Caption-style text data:
----

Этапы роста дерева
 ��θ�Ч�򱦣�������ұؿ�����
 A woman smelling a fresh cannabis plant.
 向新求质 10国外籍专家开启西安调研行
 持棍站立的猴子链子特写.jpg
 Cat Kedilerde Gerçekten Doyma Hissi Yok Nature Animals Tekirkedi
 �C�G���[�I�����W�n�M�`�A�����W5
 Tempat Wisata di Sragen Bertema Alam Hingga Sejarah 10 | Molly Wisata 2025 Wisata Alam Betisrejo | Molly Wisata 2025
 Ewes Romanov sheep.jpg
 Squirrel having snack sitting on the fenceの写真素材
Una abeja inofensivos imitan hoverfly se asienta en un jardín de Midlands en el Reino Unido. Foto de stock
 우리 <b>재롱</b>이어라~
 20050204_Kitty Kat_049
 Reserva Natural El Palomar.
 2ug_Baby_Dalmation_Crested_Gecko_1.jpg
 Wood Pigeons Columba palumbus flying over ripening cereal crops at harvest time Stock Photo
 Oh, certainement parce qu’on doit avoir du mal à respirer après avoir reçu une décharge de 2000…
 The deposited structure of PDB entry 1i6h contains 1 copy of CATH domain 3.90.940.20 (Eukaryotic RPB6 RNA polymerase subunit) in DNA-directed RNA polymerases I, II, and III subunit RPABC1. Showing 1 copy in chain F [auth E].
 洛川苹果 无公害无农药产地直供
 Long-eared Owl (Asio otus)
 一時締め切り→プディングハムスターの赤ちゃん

----

Assignment = Going line by line, set down the data above exactly as given.

Reply to the task =
Этапы роста дерева
 ��θ�Ч�򱦣�������ұؿ�����
 A woman smelling a fresh cannabis plant.
 向新求质 10国外籍专家开启西安调研行
 持棍站立的猴子链子特写.jpg
 Cat Kedilerde Gerçekten Doyma Hissi Yok Nature Animals Tekirkedi
 �C�G���[�I�����W�n�M�`�A�����W5
 Tempat Wisata di Sragen Bertema Alam Hingga Sejarah 10 | Molly Wisata 2025 Wisata Alam Betisrejo | Molly Wisata 2025
 Ewes Romanov sheep.jpg
 Squirrel having snack sitting on the fenceの写真素材
Una abeja inofensivos imitan hoverfly se asienta en un jardín de Midlands en el Reino Unido. Foto de stock
 우리 <b>재롱</b>이어라~
 20050204_Kitty Kat_049
 Reserva Natural El Palomar.
 2ug_Baby_Dalmation_Crested_Gecko_1.jpg
 Wood Pigeons Columba palumbus flying over ripening cereal crops at harvest time Stock Photo
 Oh, certainement parce qu’on doit avoir du mal à respirer après avoir reçu une décharge de 2000…
 The deposited structure of PDB entry 1i6h contains 1 copy of CATH domain 3.90.940.20 (Eukaryotic RPB6 RNA polymerase subunit) in DNA-directed RNA polymerases I, II, and III subunit RPABC1. Showing 1 copy in chain F [auth E].
 洛川苹果 无公害无农药产地直供
 Long-eared Owl (Asio otus)
 一時締め切り→プディングハムスターの赤ちゃん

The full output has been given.